Data records:
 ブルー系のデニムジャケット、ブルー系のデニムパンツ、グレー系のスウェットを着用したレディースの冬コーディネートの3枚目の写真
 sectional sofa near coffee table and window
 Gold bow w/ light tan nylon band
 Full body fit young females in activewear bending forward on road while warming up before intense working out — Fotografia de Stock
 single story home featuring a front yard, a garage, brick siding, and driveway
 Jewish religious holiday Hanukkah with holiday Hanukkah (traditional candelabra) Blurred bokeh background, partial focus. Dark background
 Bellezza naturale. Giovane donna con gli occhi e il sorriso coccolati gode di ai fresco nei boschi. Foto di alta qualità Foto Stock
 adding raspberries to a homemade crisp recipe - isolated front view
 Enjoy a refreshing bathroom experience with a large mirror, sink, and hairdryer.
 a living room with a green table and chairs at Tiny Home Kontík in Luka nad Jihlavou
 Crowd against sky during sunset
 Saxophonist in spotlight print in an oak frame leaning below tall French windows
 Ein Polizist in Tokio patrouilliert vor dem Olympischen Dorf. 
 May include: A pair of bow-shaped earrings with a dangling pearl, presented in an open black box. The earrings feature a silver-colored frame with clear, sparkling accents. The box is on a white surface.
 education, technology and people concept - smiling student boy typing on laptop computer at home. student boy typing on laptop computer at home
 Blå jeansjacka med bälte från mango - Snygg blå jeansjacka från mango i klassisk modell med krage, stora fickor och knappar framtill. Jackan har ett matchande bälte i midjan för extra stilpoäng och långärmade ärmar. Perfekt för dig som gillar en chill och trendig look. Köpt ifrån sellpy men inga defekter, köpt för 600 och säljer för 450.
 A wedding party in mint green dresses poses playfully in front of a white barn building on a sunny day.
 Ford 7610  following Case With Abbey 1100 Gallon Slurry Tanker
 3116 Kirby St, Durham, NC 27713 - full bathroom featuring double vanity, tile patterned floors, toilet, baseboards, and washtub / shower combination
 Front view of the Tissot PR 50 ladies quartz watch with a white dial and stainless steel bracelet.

- [PROBLEM TO SOLVE] Go through the entries above and count the lines containing the word "Stock"; give only that count.

- [EXERCISE ANSWER] 2